Eid al-Adha, celebrated this past Thursday, marks one of the two most important religious holidays for Muslims around the world.
Different from Eid al-Fitr, which celebrates the end of a month-long fast, Eid al-Adha marks the end of the 10-day pilgrimage known as the hajj.
Able-bodied Muslims who can afford to do so are required to perform the Islamic holy pilgrimage to Mecca at least once in their lifetime.
Earlier in the day, Muslims around the world were shocked by news of a stampede in Mina, Saudi Arabia which killed over 700 people as pilgrims were on their way to perform a Hajj ritual. More than 800 were injured. For Muslims in Canada, celebrating Eid this year is especially poignant given the current refugee crisis in Europe.
“This Eid, the [sermon] was mostly about the refugees throughout the world and how we can help, how we can contribute,” says Aamir Jamal, a professor in social work at St. Thomas University in Fredericton, New Brunswick.
Jamal is a member of the Fredericton Islamic Association (FIA), a local organization that has teamed up with churches and other community groups in Fredericton to help bring refugees to Canada and support them when they arrive.
“This Eid reminds us to think beyond ourselves and we develop empathy for the weak among us.”
During this year’s Eid celebration, Jamal says Fredericton Muslims started a new initiative to support five new refugee families by contributing their portions of qurbani – the ritual sacrifice of lamb, goat or cow – to the families.
The community is also continuing to assist the families with registering their children in school, finding a place to live and settling down in Canada.
Jamal says helping refugee families to start their lives in Canada fits in with the purpose of Eid.
“The theme and the philosophy behind this Eid is qurbani and sacrifice and thinking about others and giving things up for others,” he explains. “This Eid reminds us to think beyond ourselves and we develop empathy for the weak among us.”
Importance of fostering community
Former resident of Fredericton, Nora Shafe Fathalipour says there are more ways to celebrate Eid in Toronto because of the much larger Muslim population in the Greater Toronto Area (GTA).(Fredericton is home to between 200 and 300 Muslim families.)

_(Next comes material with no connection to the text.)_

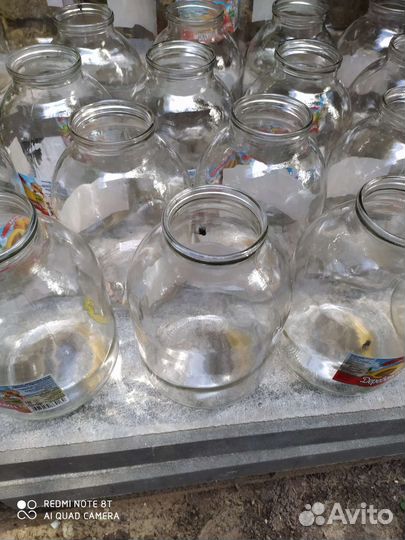 Банка3 литра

“In Toronto, you have the option to go to a lot of different places,” Fathalipour says. “Going to Eid prayer also means a chance to socialize,” she adds.

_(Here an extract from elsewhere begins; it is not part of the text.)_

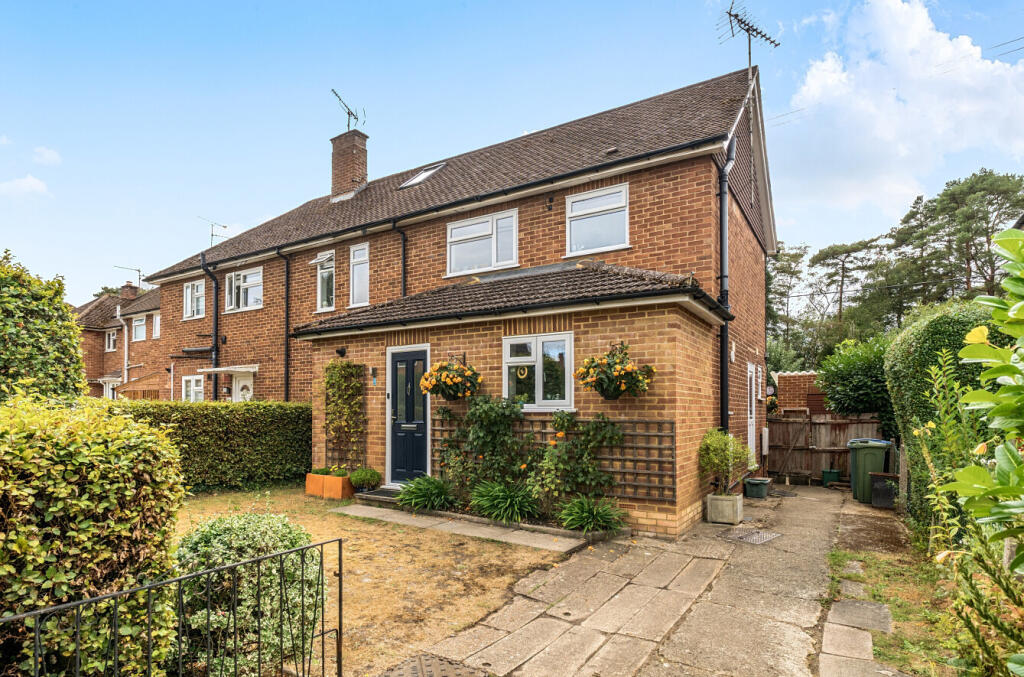 Main image of property: Wickham Close, Church Crookham, Fleet, Hampshire, GU52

“If we have enmity among ourselves, we’re not going to be able to solve the local or wider issues or have any sympathy.”
Currently taking graduate courses at the University of Toronto, Fathalipour attended the morning Eid prayers organized at the U of T Muslim Chaplaincy, where the sermon also touched on the importance of fostering community and supporting one another.
“It was a reminder of our social responsibility as a community towards each other,” says Fathalipour.
“The reason why people are able to kill each other or not feel remorse when other people are hurt is because we start from this position of enmity,” she says. “If we have enmity among ourselves, we’re not going to be able to solve the local or wider issues or have any sympathy.”
Fathalipour says this year’s Eid sermon reflected the need for compassion between individual community members that can lead to solving wider issues like the lack of support for war-weary refugees making their way across Europe.
Better late than never
For Jamal Osman, one of the vice presidents of the Muslim Community of Edmonton (MCE) mosque, support for the current wave of refugees is part of his community’s ongoing efforts. He says there are many Muslims in Edmonton with close ties to victims of the Syrian conflict.
Osman says the community has been working to support victims of the Syrian war and other refugees, and efforts include supporting newcomer refugee families as well as doctors in the community who volunteer with Doctors Without Borders.
“We’ve been in the trenches from the beginning years and years ago,” Osman says.
“We haven’t loss sight of our responsibility to help our brothers and sisters.”
So even though celebrations at the MCE mosque aren’t particularly focused on the refugee crisis, Osman explains, “We haven’t loss sight of our responsibility to help our brothers and sisters.”
In fact, Edmonton’s Islamic Family and Social Services (IFSSA) has taken the lead to represent the collective efforts of the Edmonton Muslim community in alleviating the refugee crisis.
“We are behind the scenes laying the groundwork for IFSSA to be in the position to be able to support Syrian refugees once they are able and ready to come to Canada,” Osman says.
He adds that he feels the current heightened attention on the needs of refugees is overdue given the crisis has been brewing for years, but it’s better late than never.
“We’ll take what we can get,” Osman says, “because, at the end of the day, it is intended to help these folks that are in dire need.”